MARGARET I. WOLFE LANGAN (1857–btw. 1930 and 1940)
Margaret I. Wolfe was born in 1857 in Liberty Township, Clinton County, Iowa. Her parents were John Richard Wolfe, an Irish Catholic farmer, and Honora “Nora” Buckley Wolfe. She had seven siblings who survived to maturity: James Buckley (b. 1843), Patrick Bernard (b. 1848), Johanna (b. 1849), John Buckley (b. 1851), Maurice Buckley (b. 1855), Catherine “Kate” (b. 1860), and Richard B. (b. 1862). Two sisters, Margaret and Catherine, died in infancy.
In 1847, Wolfe’s parents and brother James immigrated to the United States from Listowel, County Kerry, Ireland, along with John R. Wolfe’s first cousin Maurice Wolfe and his family. (John and Maurice Wolfe shared a grandfather, James M. “The Barrister” Wolfe.) The families arrived in New York on August 23, 1847, and from there made their way to Chicago and then to LaSalle County, Illinois, where a number of John R. Wolfe’s brothers and cousins settled.
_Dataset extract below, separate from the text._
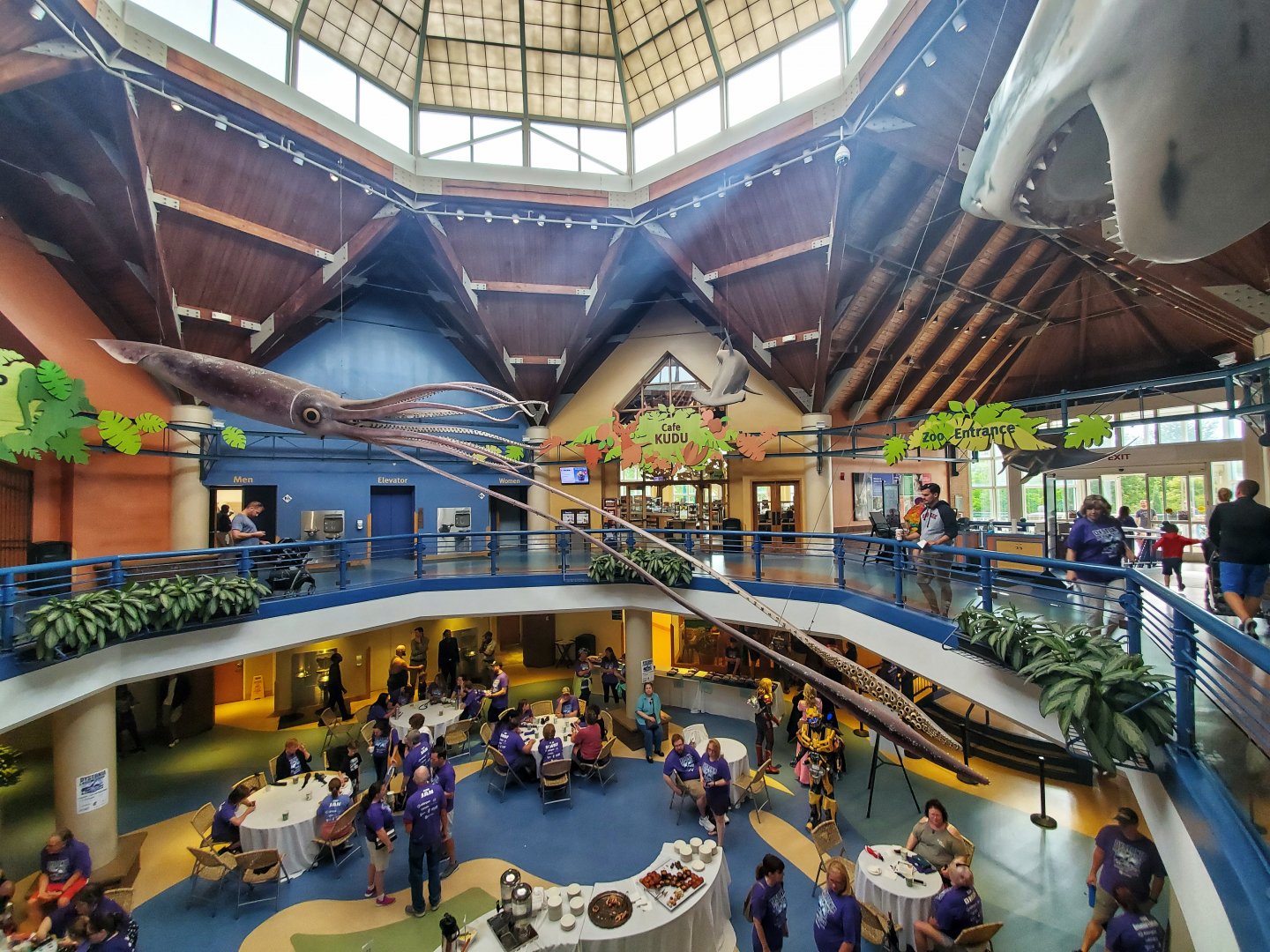 Aug. 2019 - The Living World Entrance Center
John R. Wolfe and his cousin Maurice, with their families, both moved on to Clinton County, Iowa, arriving sometime around 1855.
Little is known of Wolfe’s early years. She may have studied at the Iowa State Normal School in Cedar Falls, Iowa, and worked as a teacher. Around 1884, she moved to Deer Lodge County, Montana, where she served three terms as superintendent of the county schools (ca. 1886–1892). The elected position paid $1,250 per year. Wolfe also served as principal of the public school in Granite, Deer Lodge County. Wolfe’s sister Kate, also a teacher, joined her in Anaconda in 1888. A cousin, Edmund D. Wolfe, lived there beginning in 1893.
As superintendent of the county schools Margaret Wolfe presided over a yearly Teachers’ Institute. On November 4, 1893, the Anaconda Standard reported her views on recess:
One of the very best papers of the day was presented by Miss Margaret Wolfe on the all-important theme of ‘School Government,’ in which, among other wise and good suggestions, she strongly condemned the recess, denouncing it as demoralizing to discipline and habits of study, and productive of many evils not balanced by the doubtful benefits that might come from the sort of exercise a band of school children usually take.
On November 28, 1894, Wolfe and her sister were both married at Saint Patrick’s Church in Butte, Montana, Margaret Wolfe to Dr. Daniel Langan, of Clinton, Iowa, and Kate Wolfe to Thomas D. Fitzgerald, of Anaconda. The Wolfe sisters’ brother Richard B. Wolfe served as groomsman at the private ceremony. Dr. Langan was born in County Donegal, Ireland, on February 18, 1836. On September 5, 1865, he married Ellen Purcell, of Clinton County, and the couple had seven children before her death in 1892. Langan and Wolfe had no children of their own. After an extended trip, they settled in Clinton, Iowa.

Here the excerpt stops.